Collected data entries
◆ ◆ ◆

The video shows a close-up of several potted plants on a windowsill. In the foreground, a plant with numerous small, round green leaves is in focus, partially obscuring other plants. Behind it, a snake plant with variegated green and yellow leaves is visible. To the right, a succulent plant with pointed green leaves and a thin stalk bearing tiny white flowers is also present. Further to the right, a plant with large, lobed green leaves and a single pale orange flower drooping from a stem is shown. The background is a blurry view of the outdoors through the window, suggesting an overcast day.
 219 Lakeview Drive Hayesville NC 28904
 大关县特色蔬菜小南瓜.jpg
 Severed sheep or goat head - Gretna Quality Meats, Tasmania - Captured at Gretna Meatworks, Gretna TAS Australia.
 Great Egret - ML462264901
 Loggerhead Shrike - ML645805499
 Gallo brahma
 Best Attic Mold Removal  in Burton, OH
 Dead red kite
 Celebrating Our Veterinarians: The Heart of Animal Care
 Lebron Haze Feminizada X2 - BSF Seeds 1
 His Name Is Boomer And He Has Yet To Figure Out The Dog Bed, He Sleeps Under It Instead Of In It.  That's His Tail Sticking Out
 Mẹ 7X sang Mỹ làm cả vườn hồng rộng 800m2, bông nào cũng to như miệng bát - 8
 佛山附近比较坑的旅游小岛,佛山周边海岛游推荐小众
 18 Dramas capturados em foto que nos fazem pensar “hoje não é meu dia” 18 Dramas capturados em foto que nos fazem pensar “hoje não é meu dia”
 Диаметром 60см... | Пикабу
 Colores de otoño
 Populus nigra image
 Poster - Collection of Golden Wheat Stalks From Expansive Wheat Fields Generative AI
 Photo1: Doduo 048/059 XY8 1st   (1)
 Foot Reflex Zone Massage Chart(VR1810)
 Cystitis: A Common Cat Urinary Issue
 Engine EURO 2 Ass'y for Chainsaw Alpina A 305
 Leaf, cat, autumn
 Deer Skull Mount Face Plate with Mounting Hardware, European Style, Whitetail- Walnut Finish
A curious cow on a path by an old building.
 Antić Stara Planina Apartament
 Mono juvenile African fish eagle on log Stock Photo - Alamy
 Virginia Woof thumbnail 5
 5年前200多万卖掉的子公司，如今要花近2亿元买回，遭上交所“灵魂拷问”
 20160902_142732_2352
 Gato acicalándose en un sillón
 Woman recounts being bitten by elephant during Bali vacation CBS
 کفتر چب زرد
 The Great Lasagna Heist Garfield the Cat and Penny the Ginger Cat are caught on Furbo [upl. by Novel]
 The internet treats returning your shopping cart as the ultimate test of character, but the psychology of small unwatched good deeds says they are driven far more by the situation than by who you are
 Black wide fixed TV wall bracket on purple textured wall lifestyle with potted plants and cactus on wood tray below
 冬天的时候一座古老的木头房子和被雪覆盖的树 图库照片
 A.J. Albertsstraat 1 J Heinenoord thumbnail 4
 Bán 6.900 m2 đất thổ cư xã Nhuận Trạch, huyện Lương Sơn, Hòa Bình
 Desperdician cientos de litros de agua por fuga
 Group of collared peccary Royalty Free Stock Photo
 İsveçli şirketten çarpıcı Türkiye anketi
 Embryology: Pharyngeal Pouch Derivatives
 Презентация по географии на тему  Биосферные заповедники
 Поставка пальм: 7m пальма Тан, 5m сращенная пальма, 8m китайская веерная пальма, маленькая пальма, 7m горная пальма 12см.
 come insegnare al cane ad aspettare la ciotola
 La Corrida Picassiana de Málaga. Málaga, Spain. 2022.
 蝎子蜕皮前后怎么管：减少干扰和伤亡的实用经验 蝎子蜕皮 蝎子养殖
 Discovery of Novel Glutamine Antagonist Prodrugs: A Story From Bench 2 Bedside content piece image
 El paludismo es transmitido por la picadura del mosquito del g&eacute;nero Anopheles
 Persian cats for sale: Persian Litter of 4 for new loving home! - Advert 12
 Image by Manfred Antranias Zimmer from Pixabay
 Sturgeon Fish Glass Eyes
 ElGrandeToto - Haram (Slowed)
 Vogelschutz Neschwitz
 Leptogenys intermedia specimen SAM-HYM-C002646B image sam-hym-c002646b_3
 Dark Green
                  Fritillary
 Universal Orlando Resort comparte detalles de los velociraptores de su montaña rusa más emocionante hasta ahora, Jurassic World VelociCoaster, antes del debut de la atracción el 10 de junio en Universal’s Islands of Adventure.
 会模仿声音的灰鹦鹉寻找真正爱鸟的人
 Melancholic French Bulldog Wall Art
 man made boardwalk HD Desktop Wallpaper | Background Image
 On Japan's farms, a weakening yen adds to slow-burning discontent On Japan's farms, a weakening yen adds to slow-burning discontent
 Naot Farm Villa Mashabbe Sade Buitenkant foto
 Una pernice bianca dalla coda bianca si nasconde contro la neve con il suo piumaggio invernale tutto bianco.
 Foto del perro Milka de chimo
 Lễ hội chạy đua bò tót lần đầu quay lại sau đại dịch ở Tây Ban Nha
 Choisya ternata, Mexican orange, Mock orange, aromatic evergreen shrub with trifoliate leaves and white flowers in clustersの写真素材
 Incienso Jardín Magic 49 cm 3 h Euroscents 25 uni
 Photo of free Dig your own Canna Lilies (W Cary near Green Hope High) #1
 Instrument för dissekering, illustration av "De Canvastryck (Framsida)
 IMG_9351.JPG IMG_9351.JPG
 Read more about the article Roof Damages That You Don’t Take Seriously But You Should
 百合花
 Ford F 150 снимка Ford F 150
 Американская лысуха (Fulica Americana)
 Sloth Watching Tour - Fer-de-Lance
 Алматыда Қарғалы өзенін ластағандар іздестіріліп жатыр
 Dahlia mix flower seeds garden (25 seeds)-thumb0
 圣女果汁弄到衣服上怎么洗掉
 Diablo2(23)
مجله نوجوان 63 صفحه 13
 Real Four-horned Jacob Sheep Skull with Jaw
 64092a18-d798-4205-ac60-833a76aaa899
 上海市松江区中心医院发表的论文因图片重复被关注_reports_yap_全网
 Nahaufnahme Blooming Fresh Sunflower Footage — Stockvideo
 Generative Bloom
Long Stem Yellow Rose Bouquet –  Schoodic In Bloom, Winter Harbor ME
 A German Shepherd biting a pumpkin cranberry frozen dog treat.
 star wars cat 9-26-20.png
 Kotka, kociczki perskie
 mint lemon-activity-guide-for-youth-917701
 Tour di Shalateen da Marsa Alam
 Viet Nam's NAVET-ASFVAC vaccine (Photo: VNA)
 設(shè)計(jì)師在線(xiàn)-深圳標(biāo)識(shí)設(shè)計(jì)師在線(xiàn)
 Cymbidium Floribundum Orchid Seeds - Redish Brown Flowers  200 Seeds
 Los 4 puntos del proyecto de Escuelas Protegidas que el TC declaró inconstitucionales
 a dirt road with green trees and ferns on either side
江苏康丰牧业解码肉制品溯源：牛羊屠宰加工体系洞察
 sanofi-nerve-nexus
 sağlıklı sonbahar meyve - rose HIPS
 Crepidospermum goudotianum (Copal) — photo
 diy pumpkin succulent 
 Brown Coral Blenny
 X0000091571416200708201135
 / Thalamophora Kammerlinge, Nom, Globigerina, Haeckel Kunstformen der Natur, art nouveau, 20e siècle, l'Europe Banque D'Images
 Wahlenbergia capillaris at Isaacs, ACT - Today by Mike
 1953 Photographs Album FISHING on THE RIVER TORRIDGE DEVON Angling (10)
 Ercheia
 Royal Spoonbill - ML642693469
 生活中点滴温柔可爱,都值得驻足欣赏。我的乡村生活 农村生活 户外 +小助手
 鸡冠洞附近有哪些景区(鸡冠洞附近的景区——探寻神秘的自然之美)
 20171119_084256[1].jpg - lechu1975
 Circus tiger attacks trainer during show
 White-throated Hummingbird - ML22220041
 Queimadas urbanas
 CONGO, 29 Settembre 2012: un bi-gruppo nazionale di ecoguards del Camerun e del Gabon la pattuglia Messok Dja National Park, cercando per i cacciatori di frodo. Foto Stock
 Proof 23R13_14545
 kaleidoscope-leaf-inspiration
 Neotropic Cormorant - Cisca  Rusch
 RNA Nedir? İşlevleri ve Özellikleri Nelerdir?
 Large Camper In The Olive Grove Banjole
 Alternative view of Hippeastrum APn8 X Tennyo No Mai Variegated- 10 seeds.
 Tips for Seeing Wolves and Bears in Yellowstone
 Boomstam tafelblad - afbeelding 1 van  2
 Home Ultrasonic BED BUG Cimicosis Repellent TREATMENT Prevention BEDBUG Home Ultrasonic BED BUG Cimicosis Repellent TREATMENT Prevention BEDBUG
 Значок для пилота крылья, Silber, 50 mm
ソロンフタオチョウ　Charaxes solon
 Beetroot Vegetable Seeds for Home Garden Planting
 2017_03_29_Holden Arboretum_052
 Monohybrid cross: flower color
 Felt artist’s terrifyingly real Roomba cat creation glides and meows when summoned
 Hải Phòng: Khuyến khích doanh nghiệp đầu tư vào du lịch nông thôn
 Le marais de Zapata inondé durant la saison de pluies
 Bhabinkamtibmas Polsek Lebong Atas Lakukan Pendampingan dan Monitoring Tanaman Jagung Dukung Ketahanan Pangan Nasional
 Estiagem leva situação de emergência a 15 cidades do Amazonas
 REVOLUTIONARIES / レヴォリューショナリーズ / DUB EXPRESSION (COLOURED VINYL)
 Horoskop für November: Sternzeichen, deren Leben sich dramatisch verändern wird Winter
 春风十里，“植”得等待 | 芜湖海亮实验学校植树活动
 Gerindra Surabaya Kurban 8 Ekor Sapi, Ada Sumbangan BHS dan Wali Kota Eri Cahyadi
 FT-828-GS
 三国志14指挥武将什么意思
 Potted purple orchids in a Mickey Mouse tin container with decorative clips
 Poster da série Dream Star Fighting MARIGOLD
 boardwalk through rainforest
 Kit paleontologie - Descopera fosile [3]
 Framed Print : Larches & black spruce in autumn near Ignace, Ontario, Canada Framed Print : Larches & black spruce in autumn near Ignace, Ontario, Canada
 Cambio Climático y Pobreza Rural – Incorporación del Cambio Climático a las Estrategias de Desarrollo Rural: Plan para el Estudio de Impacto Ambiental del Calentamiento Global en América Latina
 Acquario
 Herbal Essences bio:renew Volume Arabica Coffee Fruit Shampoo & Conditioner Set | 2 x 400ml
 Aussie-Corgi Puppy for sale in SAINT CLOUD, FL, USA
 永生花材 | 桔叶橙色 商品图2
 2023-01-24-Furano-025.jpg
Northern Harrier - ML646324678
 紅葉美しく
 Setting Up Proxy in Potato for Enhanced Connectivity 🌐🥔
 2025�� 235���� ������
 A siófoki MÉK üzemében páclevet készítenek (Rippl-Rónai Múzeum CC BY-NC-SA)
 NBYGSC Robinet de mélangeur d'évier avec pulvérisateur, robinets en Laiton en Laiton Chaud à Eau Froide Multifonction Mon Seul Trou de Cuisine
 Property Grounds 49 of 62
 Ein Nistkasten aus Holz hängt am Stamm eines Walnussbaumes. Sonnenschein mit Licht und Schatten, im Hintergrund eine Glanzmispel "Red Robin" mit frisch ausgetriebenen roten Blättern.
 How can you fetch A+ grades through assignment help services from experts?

◆ ◆ ◆

Try it
Return a word-for-word copy of the lines above from the one holding "Read more about" through the one holding "Алматыда Қарғалы өзенін", with both of them included and nothing besides.

Solution to this exercise
 Read more about the article Roof Damages That You Don’t Take Seriously But You Should
 百合花
 Ford F 150 снимка Ford F 150
 Американская лысуха (Fulica Americana)
 Sloth Watching Tour - Fer-de-Lance
 Алматыда Қарғалы өзенін ластағандар іздестіріліп жатыр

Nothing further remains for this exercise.